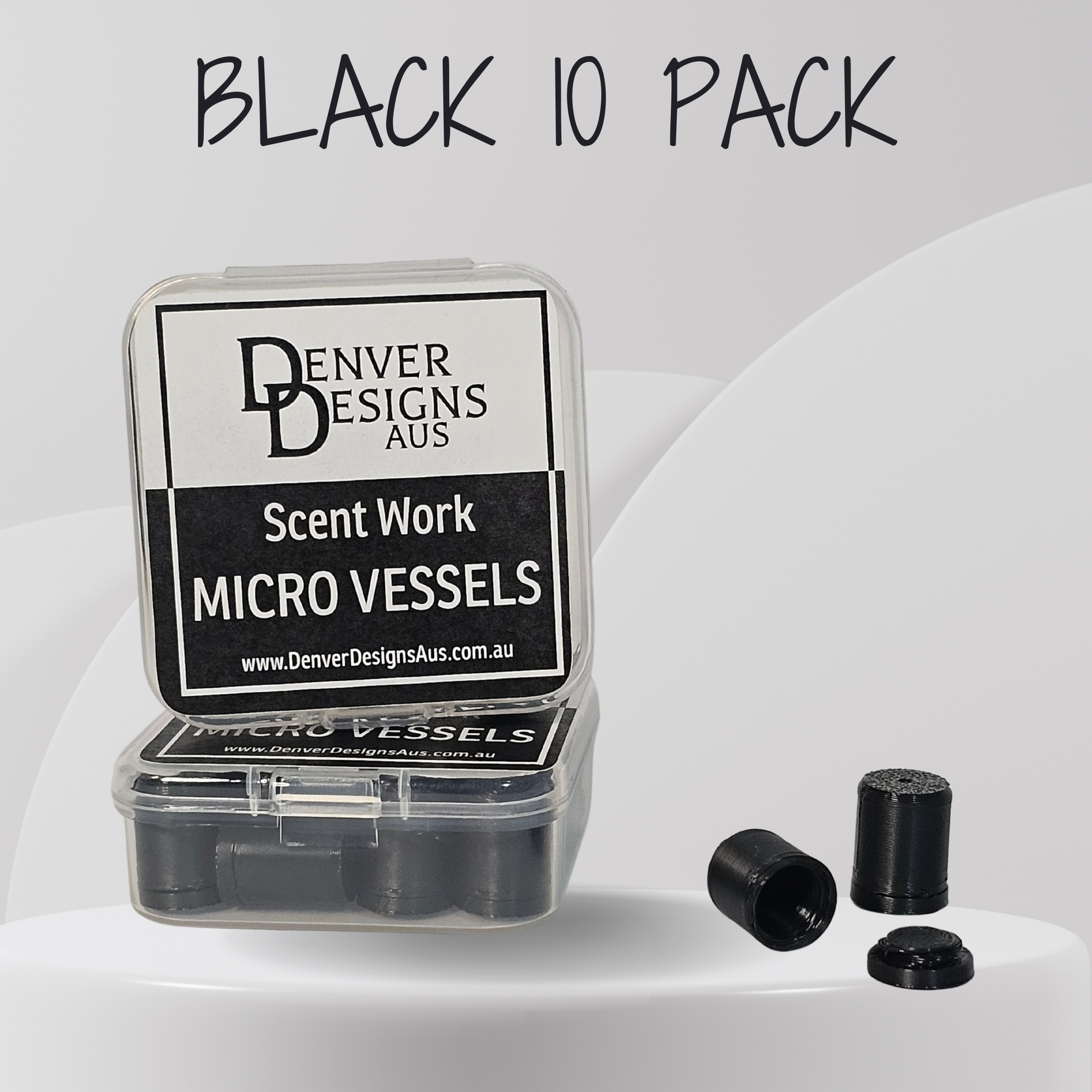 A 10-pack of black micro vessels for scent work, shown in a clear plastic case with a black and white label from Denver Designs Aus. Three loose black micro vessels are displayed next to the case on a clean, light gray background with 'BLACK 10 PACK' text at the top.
----
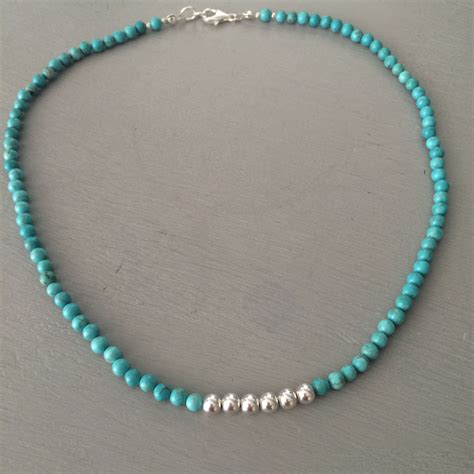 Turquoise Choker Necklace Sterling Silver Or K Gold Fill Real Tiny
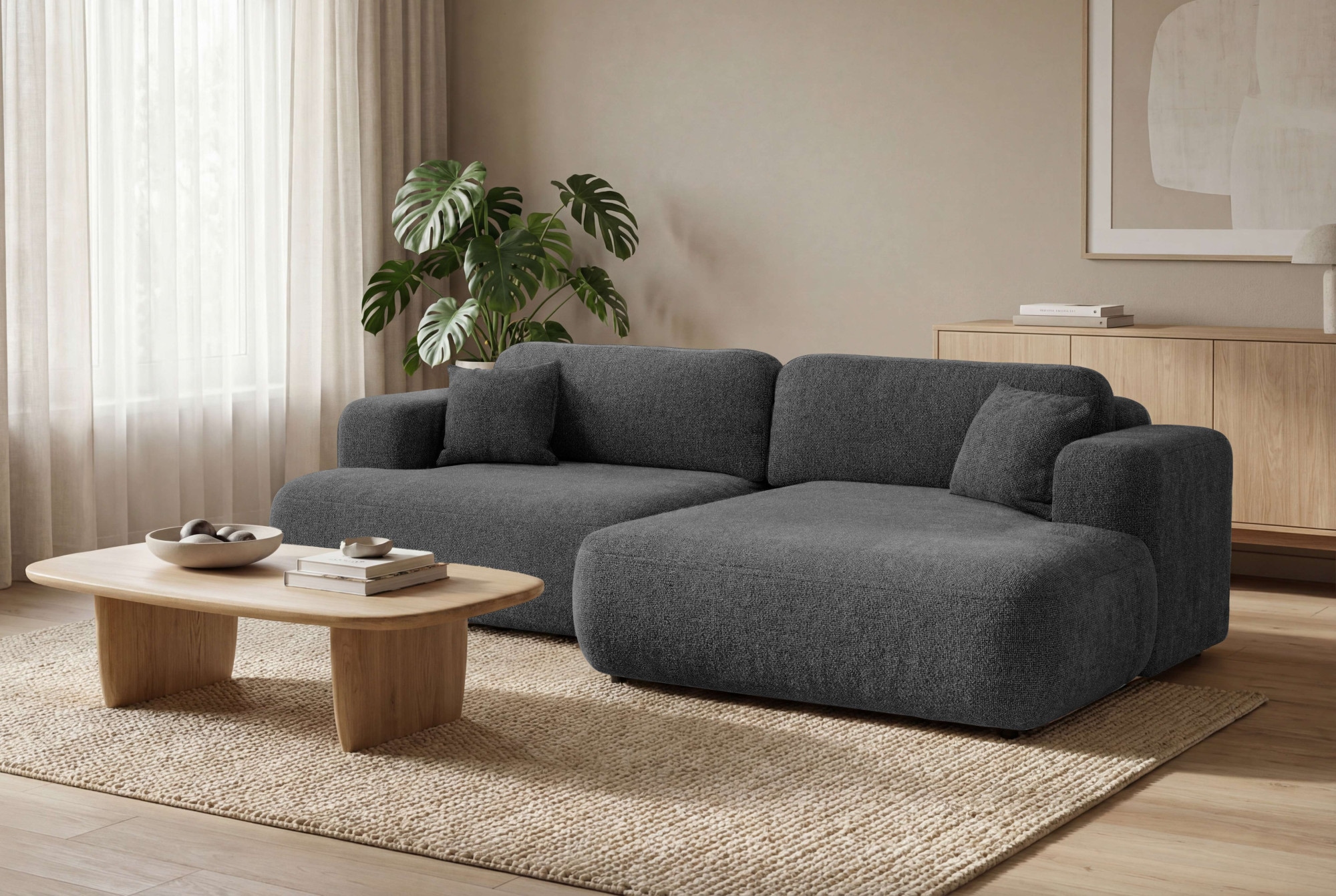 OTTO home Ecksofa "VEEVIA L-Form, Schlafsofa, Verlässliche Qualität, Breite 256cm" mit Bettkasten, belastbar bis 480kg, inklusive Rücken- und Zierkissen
----
**Goal of the exercise:** An exact copy of the lines above from the one with "Turquoise Choker Necklace" up to and including the one with "OTTO home Ecksofa" is required; reproduce only those lines, omitting all pictures.

**Output below:**
 Turquoise Choker Necklace Sterling Silver Or K Gold Fill Real Tiny
 OTTO home Ecksofa "VEEVIA L-Form, Schlafsofa, Verlässliche Qualität, Breite 256cm" mit Bettkasten, belastbar bis 480kg, inklusive Rücken- und Zierkissen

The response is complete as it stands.